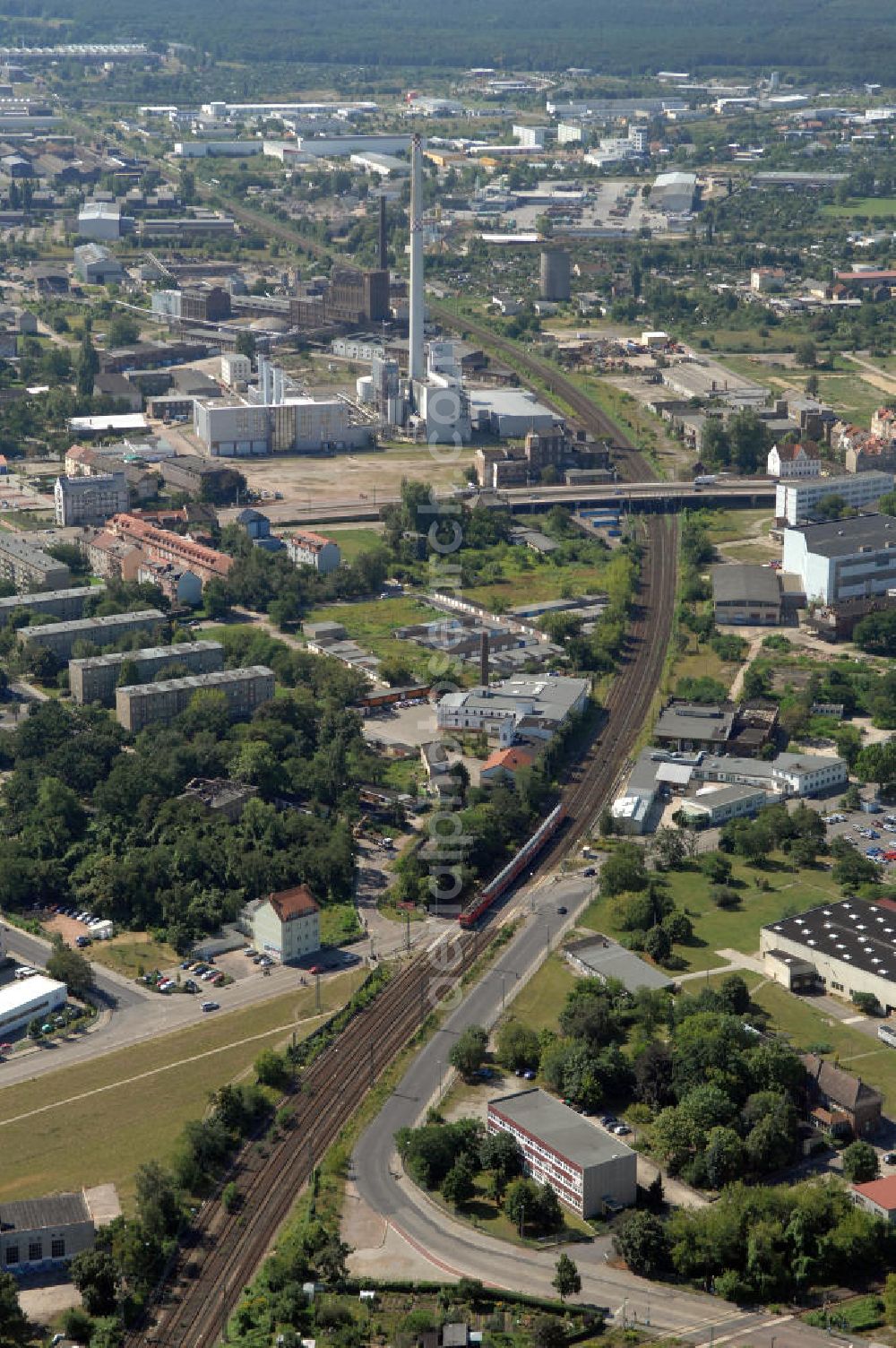 Aerial photograph Dessau - Blick auf die Schienentrasse der Deutschen Bahn in Nord / Süd- Richtung von Dessau nach Wolfen / Bitterfeld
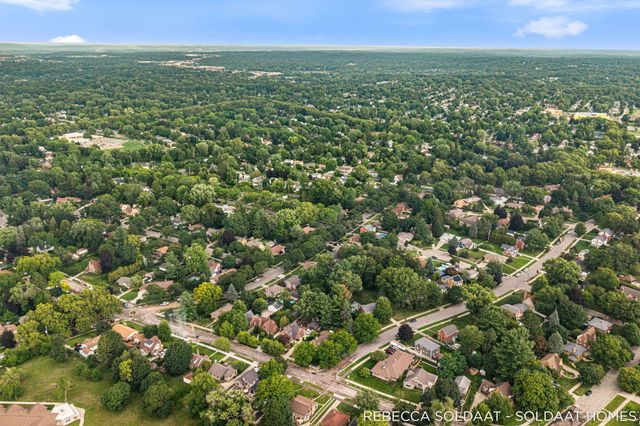 409 Marywood Drive NE, Grand Rapids, MI 49505
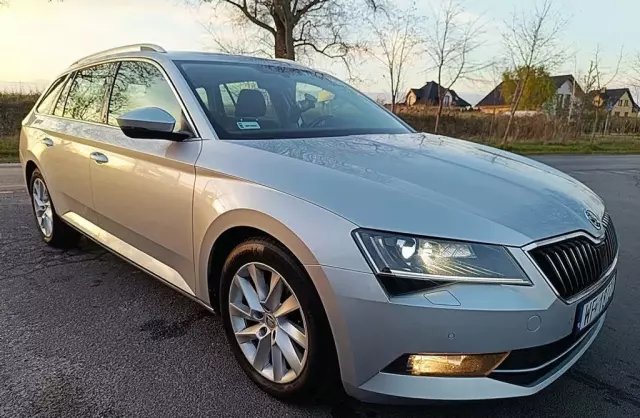 SKODA Superb 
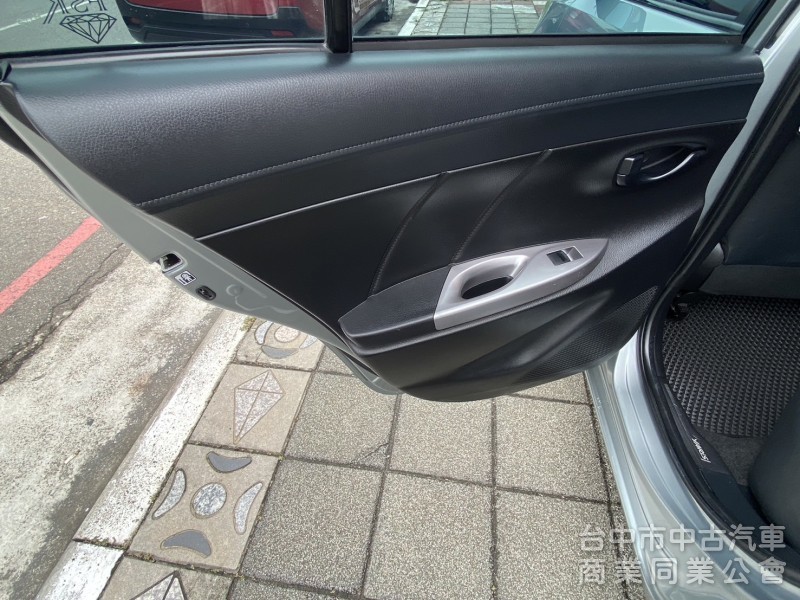 2018年式 TOYOTA  YARIS  1.5cc 豪華+版   I-KEY  影音螢幕 省油 空間大 熱門掀背車款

------------------------------------------------

## PROBLEM
All of the lines above must be printed again exactly, and no picture may appear in the copy.

## WRITTEN REPLY
 Aerial photograph Dessau - Blick auf die Schienentrasse der Deutschen Bahn in Nord / Süd- Richtung von Dessau nach Wolfen / Bitterfeld
 409 Marywood Drive NE, Grand Rapids, MI 49505
 SKODA Superb 
 2018年式 TOYOTA  YARIS  1.5cc 豪華+版   I-KEY  影音螢幕 省油 空間大 熱門掀背車款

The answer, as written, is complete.